'''

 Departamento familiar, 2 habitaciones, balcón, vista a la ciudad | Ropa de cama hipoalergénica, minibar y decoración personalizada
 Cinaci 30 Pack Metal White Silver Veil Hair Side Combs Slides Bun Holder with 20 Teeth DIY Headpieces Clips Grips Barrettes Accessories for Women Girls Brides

'''
'''

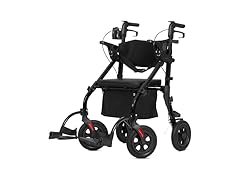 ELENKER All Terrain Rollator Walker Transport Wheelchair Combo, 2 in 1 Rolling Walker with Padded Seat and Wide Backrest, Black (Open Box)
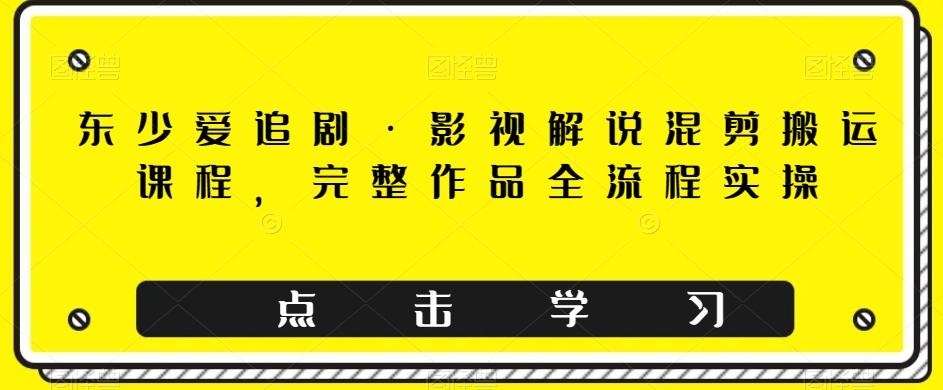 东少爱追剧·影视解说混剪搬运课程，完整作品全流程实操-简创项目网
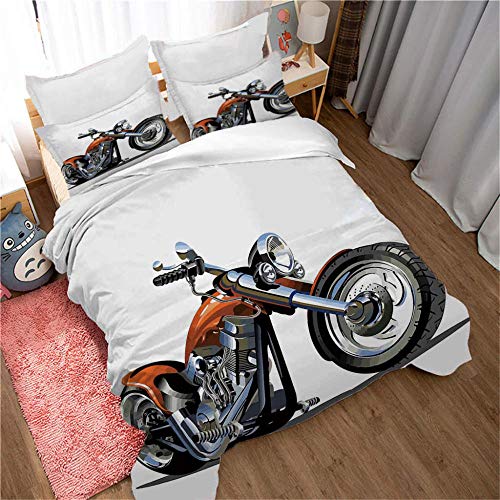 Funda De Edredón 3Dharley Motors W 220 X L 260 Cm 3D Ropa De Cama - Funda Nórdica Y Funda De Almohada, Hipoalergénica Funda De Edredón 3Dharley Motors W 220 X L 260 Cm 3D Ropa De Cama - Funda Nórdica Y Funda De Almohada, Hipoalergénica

'''
'''

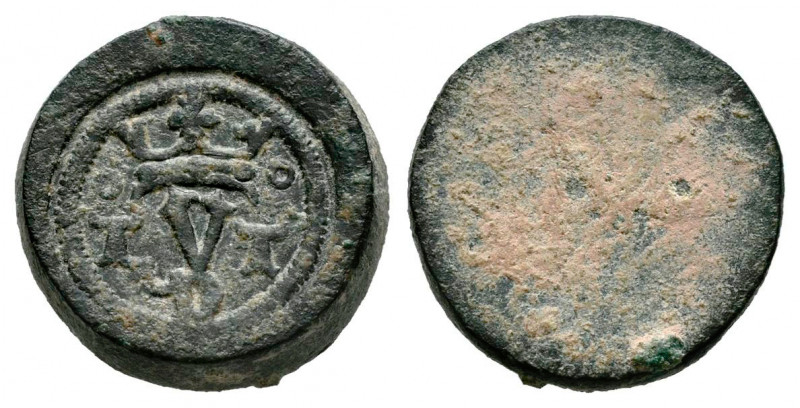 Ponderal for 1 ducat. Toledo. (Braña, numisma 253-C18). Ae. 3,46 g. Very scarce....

'''

__EXERCISE OBJECTIVE__: Once the line with "Departamento familiar, 2" is found in the records above, print exactly that line and every line after it through the line with "Cinaci 30 Pack".

__FINAL ANSWER__:
 Departamento familiar, 2 habitaciones, balcón, vista a la ciudad | Ropa de cama hipoalergénica, minibar y decoración personalizada
 Cinaci 30 Pack Metal White Silver Veil Hair Side Combs Slides Bun Holder with 20 Teeth DIY Headpieces Clips Grips Barrettes Accessories for Women Girls Brides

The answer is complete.